| REQUIRED ACTION |
In this exercise, print only the lines of the records below from the one with "Analogové panelové měřidlo" through the one with "Non woven Thickness", inclusive. Pictures are not part of the copy.

| GIVEN INFORMATION |
++++++

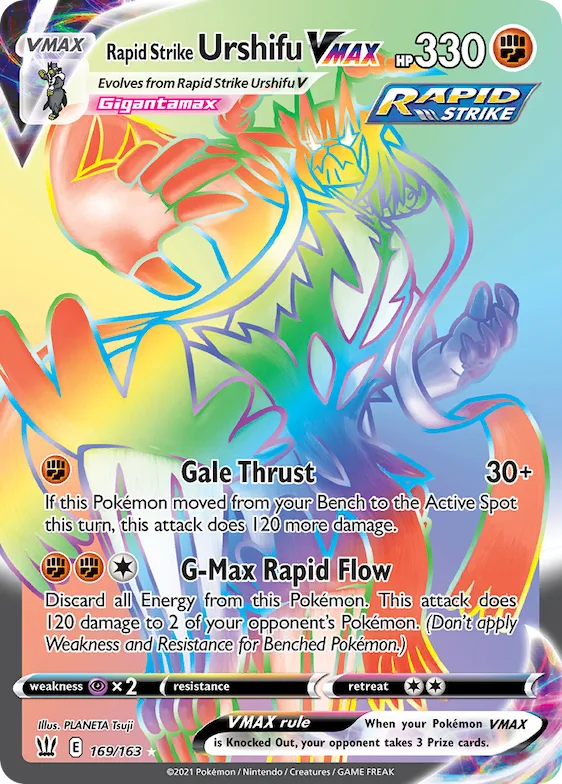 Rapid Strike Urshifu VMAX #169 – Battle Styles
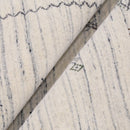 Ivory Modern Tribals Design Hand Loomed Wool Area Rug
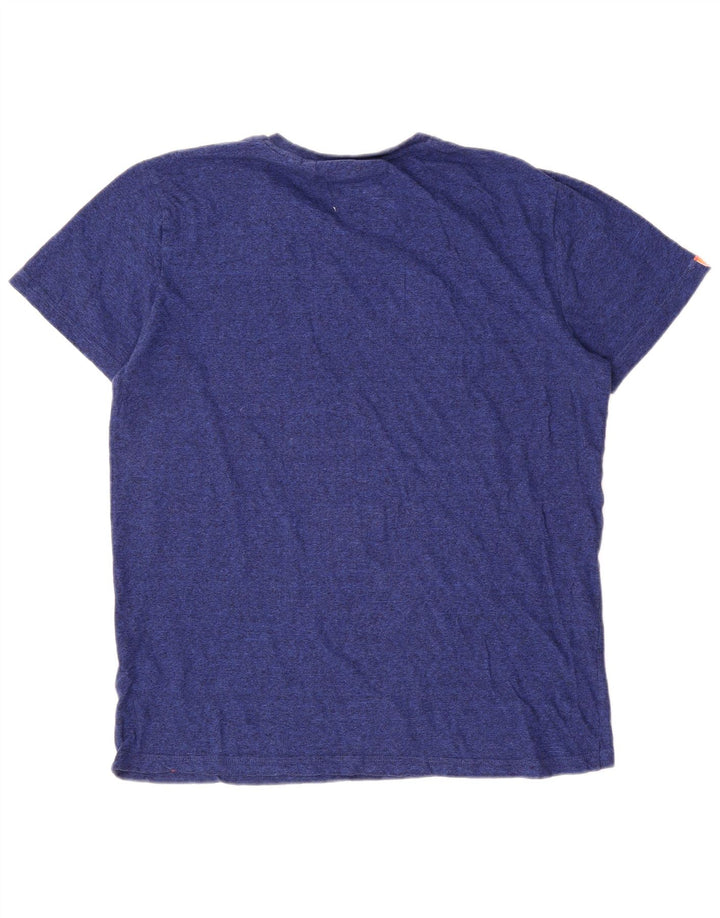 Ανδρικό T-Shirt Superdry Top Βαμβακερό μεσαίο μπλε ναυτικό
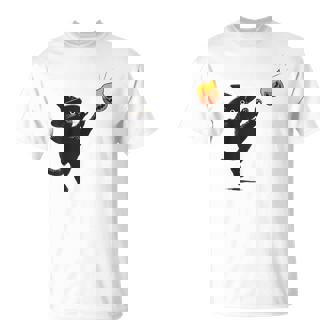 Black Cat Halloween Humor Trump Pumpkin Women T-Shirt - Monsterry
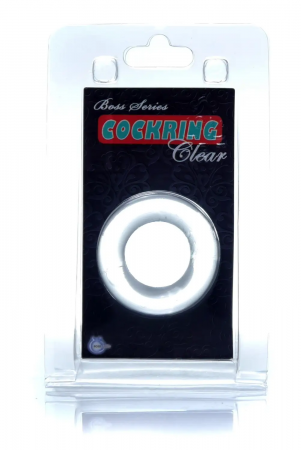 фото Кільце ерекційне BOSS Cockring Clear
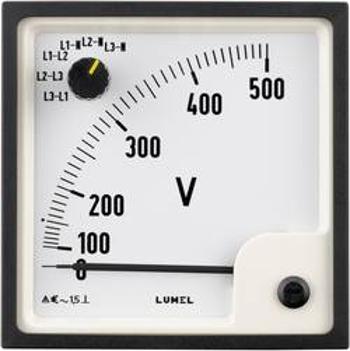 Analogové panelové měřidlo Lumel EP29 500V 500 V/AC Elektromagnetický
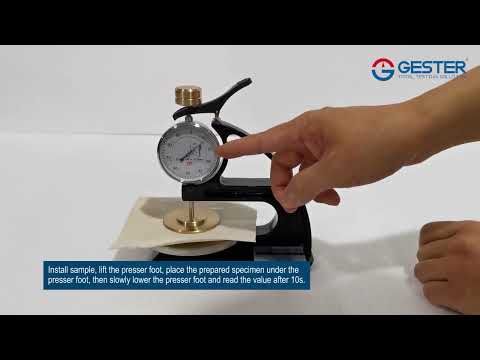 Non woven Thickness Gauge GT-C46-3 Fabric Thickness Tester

++++++

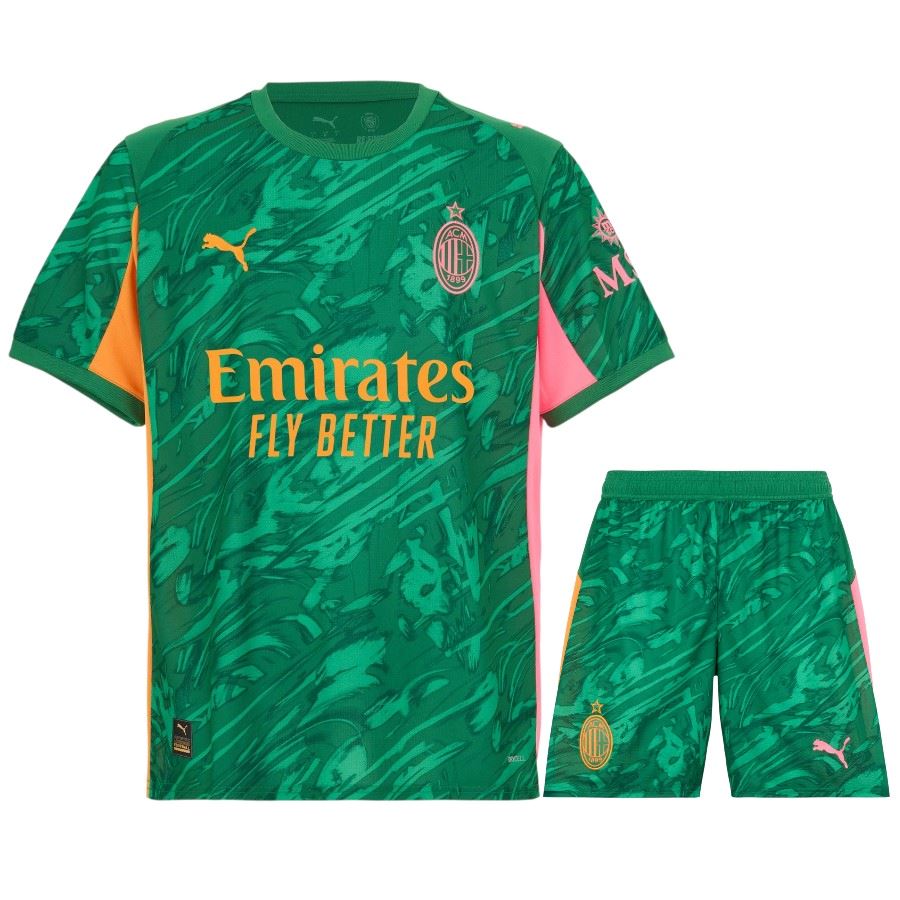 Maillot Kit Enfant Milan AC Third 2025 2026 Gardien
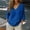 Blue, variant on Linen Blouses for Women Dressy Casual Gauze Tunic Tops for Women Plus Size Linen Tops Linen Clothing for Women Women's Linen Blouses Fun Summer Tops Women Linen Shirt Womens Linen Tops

++++++

| EXERCISE OUTPUT |
 Analogové panelové měřidlo Lumel EP29 500V 500 V/AC Elektromagnetický
 Non woven Thickness Gauge GT-C46-3 Fabric Thickness Tester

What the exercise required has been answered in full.